En tant que groupe de défense, Plan C ne se qualifie pas toujours pour le type de certifications que les prestataires d’avortement peuvent obtenir et n’en a pas fait la demande.

Plusieurs cliniques d’avortement ont déclaré qu’elles n’avaient pas la même difficulté à faire approuver les publicités par les sociétés Internet. Ils ne font pas non plus de publicité dans les États où l’avortement est illégal.

Dimitratou a déclaré que Facebook rejette souvent les publicités de Plan C pour “promouvoir la vente de substances dangereuses”, dont la décision est à la discrétion de la société mère Meta. Comme Google, Meta a des processus d’approbation spéciaux pour diffuser des publicités sur l’avortement et les médicaments.
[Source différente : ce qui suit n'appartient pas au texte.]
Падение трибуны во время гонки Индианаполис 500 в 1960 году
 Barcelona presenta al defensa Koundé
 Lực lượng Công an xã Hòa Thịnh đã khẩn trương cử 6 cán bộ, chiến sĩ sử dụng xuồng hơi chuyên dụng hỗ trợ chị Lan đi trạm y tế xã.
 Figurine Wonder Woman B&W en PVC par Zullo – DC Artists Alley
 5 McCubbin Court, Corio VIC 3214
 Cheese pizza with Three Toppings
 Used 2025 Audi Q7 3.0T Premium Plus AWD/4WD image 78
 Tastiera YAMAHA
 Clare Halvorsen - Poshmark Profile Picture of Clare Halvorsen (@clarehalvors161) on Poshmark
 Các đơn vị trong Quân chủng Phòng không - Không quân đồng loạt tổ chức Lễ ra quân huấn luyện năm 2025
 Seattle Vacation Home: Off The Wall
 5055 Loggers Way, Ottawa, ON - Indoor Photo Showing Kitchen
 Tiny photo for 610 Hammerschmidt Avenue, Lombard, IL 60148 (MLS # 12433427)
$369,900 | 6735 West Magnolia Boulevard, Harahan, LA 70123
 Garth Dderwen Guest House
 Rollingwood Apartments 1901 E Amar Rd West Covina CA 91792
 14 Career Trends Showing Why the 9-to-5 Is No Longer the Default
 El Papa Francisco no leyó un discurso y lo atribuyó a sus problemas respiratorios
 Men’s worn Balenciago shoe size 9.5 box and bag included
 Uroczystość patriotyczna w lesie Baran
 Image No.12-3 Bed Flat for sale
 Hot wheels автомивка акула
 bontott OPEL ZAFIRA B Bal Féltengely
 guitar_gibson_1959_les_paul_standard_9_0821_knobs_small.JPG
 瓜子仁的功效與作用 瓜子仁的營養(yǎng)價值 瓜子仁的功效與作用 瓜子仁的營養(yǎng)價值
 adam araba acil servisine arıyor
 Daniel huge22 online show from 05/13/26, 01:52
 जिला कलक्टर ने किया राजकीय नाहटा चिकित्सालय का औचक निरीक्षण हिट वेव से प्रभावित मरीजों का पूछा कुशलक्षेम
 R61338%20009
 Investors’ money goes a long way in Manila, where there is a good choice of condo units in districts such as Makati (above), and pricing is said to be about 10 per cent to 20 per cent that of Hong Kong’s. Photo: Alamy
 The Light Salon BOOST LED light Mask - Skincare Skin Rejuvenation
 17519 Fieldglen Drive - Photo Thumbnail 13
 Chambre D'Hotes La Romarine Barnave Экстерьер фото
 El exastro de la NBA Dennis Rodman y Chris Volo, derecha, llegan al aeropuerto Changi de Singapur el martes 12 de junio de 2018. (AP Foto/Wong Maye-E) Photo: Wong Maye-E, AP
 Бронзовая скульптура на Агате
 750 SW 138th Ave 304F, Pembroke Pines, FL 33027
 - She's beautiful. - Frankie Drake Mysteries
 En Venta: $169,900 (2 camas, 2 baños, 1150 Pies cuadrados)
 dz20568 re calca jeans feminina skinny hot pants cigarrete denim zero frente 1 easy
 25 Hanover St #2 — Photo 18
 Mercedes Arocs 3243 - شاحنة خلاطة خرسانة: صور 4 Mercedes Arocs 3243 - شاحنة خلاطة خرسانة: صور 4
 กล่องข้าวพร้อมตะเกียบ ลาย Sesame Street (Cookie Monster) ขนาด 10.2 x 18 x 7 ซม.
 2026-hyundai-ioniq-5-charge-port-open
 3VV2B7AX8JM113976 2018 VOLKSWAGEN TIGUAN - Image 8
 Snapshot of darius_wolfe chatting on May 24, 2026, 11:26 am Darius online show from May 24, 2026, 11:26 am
Cependant, seuls les pharmacies en ligne, les fournisseurs de télésanté et les fabricants de produits pharmaceutiques peuvent postuler.

Google reconnaît que ses règles en matière de publicité peuvent changer. Par exemple, Google a récemment autorisé les groupes qui distribuent des pilules abortives par courrier à se qualifier pour des certifications publicitaires auparavant uniquement accordées aux fournisseurs d’avortement personnels après que la FDA a autorisé la distribution par courrier en décembre 2021. Google interdit les publicités liées à l’avortement dans 72 pays où elles sont illégales.

Michael Aciman, un porte-parole de Google, a déclaré qu’il “évalue toujours la décision du tribunal et les lois à travers le pays et continuera à rechercher de nouveaux développements”.